Continued Private Equity Interest
As private equity data affirmed, there was increased buyer confidence in the UK recruitment sector during 2022. Of the 76 deals completed, 42% involved a financial sponsor or private equity backed trade buyer. Whilst this tailed off at the beginning of the year due to restrictions in cost of capital, Q2 has highlighted that private investors still have sufficient dry powder to deploy. We saw an uptick in PE activity for the Recruitment sector in transactions such as H.I.G Capital’s acquisition of Office People.
With over 9,000 staff internally, Office delivers personnel to the aviation, e-commerce, logistics and mobility / automotive.
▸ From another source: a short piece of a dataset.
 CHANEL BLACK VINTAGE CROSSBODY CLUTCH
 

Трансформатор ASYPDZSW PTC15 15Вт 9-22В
H.I.G. Capital’s interest in the European Staffing market reflects wider secular growth trends. Demographic changes will increase the need for temporary workforces as the baby boomer generation retires. The Managing Director of H.I.G. has expressed plans to build upon these trends, leveraging organic growth, add-on acquisitions and internationalisation to grow. Reference to the add-on strategy shows an increasingly popular approach which targets the mid-tier market. Financial sponsors are using their platform investments to make smaller add-on acquisitions, which facilitates continued growth through smaller enterprises.
We also saw ALKU secure a majority investment from New Mountain Capital, alongside reinvestment from FFL Partners and WestView Capital Partners. The transaction is expected to help ALKU exceed $1billion in revenue across the next few years by combining expertise in human capital management, Life Sciences, and other key markets.
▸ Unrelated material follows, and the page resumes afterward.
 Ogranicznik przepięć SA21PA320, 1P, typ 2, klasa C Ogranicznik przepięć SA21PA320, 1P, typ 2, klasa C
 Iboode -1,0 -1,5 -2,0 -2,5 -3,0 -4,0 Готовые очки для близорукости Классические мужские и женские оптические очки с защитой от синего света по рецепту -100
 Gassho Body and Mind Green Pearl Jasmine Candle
As well as the reinvestment into ALKU, WestView Capital Partners also completed on a minority purchase of Triple Crown Consulting. Focussed on middle-market growth companies, Triple Crown was an ideal target for Westview given its ranking in the SIA’s fastest-growing US firms list. Focussed on the semiconductor and silicon engineering market, the partnership is set to accelerate Triple Crown’s position as a market leader where there is strong demand for such niche engineering talent.
North America – Still Attractive to Overseas Buyers
As the largest staffing market globally, generating $177billion annually, the United States continued to be attractive to European acquirers. This was most evident in Q2 through the deal completed between French buyer, Proman, and PeopleShare. As the 4th largest staffing firm in France, Proman has been present in the US since 2018 and has grown both organically and non-organically. Generating 160million USD in turnover, the addition of PeopleShare to the Group is set to accelerate Proman’s footprint in the States substantially.
Interestingly, the UK was also attractive to buyers in the States, as seen in Atrium’s majority purchase of Gibbs Hybrid, a London headquartered IT firm. Atrium ranks within the largest US staffing firms according to SIA, with the recent acquisition facilitating expansion into the UK, Ireland, Poland and Luxembourg. Despite such a high saturation of trading recruitment agencies, this transaction suggests the UK continues to be attractive as a market to overseas acquirers. Additionally, BGSF increased its reach overseas through the completion of Arroyo Consulting. Whilst headquartered in the US, the target was expected to add offshore operations in India for BGSF, with locations also in South America.
It will be interesting to see what markets continue to be attractive in Q3, whilst also considering which Recruitment verticals will cover the largest segment given that Q1 and Q2 of this year have been so different.